Dataset entries:
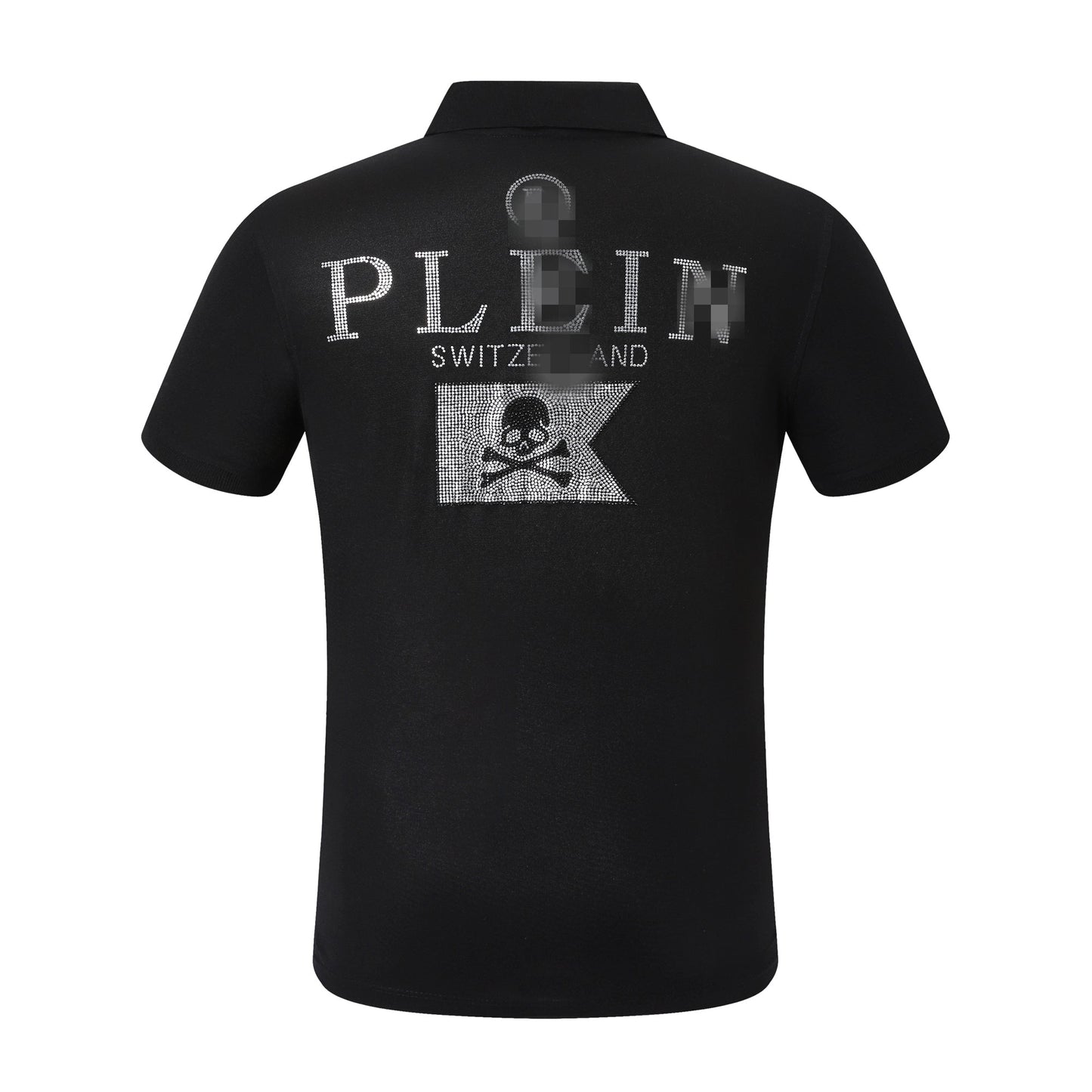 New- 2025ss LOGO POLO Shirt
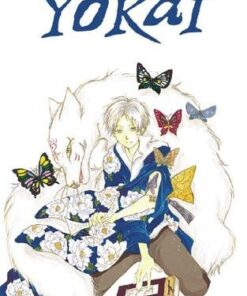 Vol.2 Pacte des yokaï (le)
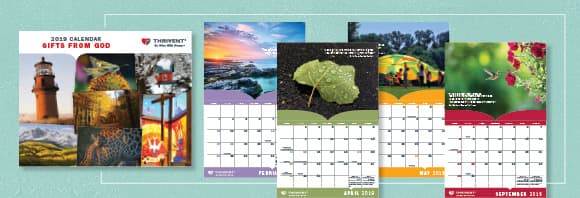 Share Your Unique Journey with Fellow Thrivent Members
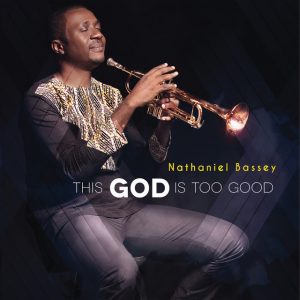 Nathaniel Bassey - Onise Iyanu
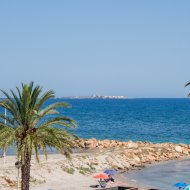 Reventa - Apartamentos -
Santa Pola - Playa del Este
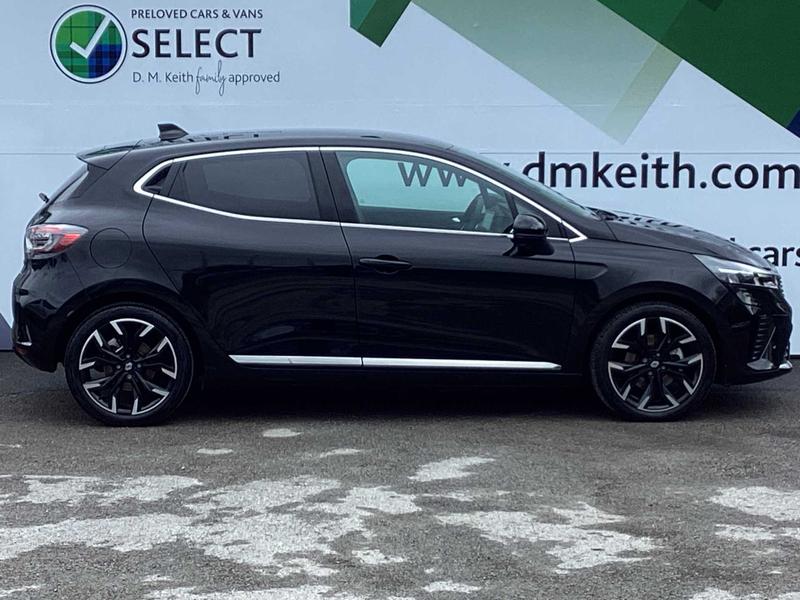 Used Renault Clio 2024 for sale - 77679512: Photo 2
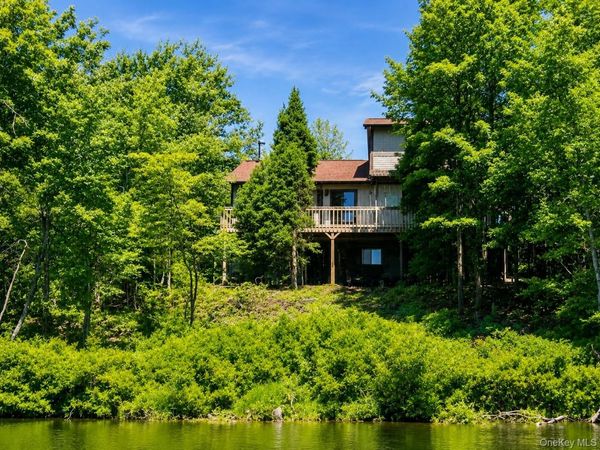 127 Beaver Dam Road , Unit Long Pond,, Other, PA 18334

Activity: Excluding all pictures, output exactly the lines from the line containing "Used Renault Clio" through the last line of the entries above.

Output below:
 Used Renault Clio 2024 for sale - 77679512: Photo 2
 127 Beaver Dam Road , Unit Long Pond,, Other, PA 18334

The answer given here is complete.